Exercise description:
Once you reach the line containing "CHEVROLET EQUINOX image 8" in the entries below, write out that line and each one after it down to the line containing "Мінівен Opel Combo 2012 в Києві", exactly and with nothing added.
[[ Supplied data open ]]
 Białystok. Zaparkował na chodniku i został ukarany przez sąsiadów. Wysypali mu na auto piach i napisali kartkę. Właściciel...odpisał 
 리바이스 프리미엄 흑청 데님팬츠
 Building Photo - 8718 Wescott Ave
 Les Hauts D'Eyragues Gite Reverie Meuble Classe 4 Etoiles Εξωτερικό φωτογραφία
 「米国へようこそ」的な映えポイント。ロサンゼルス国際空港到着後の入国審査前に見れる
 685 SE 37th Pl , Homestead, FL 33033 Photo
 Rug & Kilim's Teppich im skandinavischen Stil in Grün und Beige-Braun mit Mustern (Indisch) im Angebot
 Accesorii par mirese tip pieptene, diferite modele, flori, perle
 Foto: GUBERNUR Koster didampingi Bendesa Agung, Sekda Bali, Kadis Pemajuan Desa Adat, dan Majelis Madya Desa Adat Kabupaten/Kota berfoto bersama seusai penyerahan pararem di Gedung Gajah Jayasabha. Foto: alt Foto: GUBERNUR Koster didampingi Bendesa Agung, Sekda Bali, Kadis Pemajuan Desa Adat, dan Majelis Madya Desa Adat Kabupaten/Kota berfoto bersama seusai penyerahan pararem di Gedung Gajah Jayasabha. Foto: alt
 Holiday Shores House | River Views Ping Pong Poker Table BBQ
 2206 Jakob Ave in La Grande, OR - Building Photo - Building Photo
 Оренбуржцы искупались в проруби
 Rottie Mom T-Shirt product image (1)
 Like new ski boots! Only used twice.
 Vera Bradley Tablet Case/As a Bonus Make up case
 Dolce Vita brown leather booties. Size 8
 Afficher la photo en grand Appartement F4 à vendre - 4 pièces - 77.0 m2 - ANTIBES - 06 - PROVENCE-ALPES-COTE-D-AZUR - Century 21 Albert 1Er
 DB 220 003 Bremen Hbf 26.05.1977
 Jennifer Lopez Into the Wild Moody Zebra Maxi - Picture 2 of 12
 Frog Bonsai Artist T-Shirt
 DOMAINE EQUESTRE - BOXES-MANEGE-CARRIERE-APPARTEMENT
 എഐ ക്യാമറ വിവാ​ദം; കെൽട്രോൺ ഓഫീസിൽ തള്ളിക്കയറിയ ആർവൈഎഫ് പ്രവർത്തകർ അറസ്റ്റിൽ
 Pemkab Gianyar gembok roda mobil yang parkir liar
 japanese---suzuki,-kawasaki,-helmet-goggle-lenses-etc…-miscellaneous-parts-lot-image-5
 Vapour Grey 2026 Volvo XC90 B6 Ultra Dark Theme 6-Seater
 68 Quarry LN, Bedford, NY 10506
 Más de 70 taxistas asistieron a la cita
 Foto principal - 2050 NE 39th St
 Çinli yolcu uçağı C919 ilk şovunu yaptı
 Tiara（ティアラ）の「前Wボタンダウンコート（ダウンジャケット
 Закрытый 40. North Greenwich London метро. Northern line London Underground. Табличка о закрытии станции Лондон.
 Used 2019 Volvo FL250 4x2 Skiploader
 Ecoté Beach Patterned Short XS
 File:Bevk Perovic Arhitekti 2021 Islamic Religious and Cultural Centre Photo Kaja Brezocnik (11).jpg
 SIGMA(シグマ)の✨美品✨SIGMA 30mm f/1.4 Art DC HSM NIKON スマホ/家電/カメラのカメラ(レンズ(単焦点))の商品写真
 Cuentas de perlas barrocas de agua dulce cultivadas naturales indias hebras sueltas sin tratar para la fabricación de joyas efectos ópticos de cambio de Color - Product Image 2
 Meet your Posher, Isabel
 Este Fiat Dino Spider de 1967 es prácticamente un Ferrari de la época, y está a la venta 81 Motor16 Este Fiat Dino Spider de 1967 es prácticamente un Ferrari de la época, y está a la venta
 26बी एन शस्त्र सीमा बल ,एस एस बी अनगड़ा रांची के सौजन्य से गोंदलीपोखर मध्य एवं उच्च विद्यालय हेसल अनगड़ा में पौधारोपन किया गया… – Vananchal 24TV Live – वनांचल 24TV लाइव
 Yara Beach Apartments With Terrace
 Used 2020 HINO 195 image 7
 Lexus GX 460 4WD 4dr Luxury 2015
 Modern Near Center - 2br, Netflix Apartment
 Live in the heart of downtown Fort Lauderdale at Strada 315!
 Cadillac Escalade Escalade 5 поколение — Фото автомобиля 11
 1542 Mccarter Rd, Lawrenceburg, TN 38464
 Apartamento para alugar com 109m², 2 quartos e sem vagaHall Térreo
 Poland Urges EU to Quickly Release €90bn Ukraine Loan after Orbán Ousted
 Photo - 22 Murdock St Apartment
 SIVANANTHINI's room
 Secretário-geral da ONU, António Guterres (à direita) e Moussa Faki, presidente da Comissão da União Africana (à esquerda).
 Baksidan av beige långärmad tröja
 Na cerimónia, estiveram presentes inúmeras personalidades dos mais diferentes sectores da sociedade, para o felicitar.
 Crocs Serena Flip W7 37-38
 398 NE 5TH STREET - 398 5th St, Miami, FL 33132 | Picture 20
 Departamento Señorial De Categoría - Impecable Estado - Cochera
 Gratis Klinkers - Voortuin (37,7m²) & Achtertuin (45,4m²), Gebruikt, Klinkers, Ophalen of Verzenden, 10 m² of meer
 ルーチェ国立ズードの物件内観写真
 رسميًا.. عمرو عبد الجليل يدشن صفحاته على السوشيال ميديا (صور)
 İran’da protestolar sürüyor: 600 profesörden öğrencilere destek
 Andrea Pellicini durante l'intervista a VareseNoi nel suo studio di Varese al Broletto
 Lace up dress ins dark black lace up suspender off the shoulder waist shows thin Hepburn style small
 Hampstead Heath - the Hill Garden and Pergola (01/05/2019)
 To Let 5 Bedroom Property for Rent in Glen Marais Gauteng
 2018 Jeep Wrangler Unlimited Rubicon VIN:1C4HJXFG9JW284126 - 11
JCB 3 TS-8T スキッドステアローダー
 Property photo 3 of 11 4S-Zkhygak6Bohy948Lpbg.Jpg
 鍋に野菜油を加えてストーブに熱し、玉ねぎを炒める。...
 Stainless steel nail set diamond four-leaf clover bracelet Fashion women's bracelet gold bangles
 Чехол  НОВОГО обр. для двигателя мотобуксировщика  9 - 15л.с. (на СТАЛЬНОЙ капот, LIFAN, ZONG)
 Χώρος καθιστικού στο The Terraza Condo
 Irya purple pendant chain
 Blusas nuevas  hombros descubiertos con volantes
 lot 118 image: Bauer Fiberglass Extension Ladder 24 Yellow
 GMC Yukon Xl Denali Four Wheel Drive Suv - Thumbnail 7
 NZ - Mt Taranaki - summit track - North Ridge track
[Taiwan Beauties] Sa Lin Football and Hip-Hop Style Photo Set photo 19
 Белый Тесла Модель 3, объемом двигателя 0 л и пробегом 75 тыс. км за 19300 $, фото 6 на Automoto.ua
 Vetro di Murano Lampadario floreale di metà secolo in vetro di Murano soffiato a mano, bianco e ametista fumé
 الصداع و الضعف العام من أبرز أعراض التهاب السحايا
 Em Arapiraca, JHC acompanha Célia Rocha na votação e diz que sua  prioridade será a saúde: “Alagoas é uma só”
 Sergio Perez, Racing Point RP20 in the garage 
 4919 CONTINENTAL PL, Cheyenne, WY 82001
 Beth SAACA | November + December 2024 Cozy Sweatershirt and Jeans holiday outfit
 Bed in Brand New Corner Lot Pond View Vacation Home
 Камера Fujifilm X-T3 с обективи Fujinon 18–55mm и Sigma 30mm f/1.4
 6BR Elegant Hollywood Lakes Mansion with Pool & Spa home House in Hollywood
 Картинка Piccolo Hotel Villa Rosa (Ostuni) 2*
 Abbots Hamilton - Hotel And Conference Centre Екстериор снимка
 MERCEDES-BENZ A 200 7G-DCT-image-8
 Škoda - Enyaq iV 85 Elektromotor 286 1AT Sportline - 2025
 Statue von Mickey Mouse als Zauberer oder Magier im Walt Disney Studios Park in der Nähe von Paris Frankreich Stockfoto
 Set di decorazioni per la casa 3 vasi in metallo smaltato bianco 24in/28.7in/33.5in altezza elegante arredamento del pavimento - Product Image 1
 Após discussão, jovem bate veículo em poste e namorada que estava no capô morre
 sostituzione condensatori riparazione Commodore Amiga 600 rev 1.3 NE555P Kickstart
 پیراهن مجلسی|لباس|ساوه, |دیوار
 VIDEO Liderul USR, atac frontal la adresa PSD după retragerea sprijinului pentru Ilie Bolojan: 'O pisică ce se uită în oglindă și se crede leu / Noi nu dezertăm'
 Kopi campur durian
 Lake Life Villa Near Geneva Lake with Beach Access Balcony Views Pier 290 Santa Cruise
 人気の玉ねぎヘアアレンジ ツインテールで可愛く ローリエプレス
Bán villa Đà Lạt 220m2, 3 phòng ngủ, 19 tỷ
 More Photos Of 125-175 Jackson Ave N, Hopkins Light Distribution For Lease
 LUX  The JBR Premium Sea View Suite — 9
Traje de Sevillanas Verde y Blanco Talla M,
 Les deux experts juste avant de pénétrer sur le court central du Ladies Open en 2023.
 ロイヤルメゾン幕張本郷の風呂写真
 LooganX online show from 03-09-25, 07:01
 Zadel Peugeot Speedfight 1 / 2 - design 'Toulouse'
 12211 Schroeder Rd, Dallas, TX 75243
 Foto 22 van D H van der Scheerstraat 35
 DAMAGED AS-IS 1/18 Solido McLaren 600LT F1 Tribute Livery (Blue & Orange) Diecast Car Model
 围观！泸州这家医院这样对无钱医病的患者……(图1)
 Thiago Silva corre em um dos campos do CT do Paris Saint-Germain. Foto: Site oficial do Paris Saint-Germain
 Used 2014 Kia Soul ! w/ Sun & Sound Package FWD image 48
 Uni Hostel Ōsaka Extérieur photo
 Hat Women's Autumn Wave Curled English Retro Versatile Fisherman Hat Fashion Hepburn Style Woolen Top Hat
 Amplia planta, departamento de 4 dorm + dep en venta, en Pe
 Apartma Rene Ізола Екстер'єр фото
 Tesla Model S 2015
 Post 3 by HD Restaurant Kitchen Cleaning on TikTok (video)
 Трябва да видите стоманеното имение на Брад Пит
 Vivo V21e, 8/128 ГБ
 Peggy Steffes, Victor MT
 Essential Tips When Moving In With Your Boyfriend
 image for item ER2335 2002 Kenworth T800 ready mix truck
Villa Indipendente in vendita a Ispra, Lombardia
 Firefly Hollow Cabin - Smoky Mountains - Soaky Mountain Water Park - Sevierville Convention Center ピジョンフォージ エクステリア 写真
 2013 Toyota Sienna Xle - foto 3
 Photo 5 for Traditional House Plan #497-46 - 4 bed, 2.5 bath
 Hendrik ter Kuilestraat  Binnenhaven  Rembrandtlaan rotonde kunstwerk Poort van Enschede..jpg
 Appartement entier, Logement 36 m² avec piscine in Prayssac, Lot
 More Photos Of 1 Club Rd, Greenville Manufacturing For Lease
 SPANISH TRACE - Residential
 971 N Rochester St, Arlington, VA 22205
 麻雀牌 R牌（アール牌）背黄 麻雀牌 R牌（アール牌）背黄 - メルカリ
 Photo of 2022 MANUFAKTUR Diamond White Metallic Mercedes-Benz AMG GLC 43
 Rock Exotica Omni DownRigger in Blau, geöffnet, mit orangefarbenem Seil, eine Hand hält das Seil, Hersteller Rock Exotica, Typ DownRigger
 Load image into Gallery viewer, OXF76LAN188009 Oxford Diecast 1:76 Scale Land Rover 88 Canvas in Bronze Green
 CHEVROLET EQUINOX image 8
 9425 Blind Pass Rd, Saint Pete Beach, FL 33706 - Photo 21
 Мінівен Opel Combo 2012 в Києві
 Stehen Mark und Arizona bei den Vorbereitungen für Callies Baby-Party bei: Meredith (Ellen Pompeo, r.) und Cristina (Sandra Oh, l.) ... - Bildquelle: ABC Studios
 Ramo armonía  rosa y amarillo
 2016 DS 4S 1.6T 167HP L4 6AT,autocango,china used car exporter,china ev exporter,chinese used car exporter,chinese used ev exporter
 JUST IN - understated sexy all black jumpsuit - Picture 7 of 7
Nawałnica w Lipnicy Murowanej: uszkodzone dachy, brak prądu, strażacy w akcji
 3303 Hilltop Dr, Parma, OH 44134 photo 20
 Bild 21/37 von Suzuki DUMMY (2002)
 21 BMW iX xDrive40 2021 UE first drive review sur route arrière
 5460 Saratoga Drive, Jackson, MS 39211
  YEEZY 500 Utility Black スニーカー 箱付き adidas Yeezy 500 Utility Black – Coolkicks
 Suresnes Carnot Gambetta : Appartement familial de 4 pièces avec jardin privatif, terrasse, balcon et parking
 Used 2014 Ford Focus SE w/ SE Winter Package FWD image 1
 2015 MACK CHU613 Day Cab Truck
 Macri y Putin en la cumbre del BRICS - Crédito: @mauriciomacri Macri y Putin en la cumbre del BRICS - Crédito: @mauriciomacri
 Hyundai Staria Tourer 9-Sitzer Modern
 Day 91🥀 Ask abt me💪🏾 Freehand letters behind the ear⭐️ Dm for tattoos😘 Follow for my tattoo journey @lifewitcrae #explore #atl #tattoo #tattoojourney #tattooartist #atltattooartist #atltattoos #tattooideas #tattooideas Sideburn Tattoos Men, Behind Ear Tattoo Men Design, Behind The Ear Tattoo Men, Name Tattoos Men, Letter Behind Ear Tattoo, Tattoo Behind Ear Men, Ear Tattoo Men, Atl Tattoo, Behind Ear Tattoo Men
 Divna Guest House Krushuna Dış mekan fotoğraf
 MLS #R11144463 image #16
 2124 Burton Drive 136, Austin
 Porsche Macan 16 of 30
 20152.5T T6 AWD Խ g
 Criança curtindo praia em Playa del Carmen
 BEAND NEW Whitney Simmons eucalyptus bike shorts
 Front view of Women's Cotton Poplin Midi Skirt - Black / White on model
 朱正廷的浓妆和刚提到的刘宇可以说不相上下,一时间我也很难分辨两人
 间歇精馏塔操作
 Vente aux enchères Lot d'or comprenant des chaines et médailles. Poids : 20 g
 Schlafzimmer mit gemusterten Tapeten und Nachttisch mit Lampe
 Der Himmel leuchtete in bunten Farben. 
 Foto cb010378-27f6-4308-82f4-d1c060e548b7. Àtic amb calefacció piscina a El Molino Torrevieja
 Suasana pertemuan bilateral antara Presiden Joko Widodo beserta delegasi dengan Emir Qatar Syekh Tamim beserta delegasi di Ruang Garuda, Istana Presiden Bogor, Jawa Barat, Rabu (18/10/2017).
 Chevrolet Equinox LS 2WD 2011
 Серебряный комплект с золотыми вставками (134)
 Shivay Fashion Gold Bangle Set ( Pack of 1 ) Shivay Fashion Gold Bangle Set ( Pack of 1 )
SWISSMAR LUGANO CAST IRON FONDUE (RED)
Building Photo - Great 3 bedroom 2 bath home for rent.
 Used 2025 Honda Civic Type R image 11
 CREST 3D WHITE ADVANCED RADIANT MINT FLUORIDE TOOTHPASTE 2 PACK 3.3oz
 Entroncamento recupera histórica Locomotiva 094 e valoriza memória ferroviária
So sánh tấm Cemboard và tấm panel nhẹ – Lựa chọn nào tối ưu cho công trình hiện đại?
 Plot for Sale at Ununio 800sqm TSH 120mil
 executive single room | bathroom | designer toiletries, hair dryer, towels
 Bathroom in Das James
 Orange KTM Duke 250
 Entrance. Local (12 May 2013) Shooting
[[ Supplied data closed ]]
Answer space:
 CHEVROLET EQUINOX image 8
 9425 Blind Pass Rd, Saint Pete Beach, FL 33706 - Photo 21
 Мінівен Opel Combo 2012 в Києві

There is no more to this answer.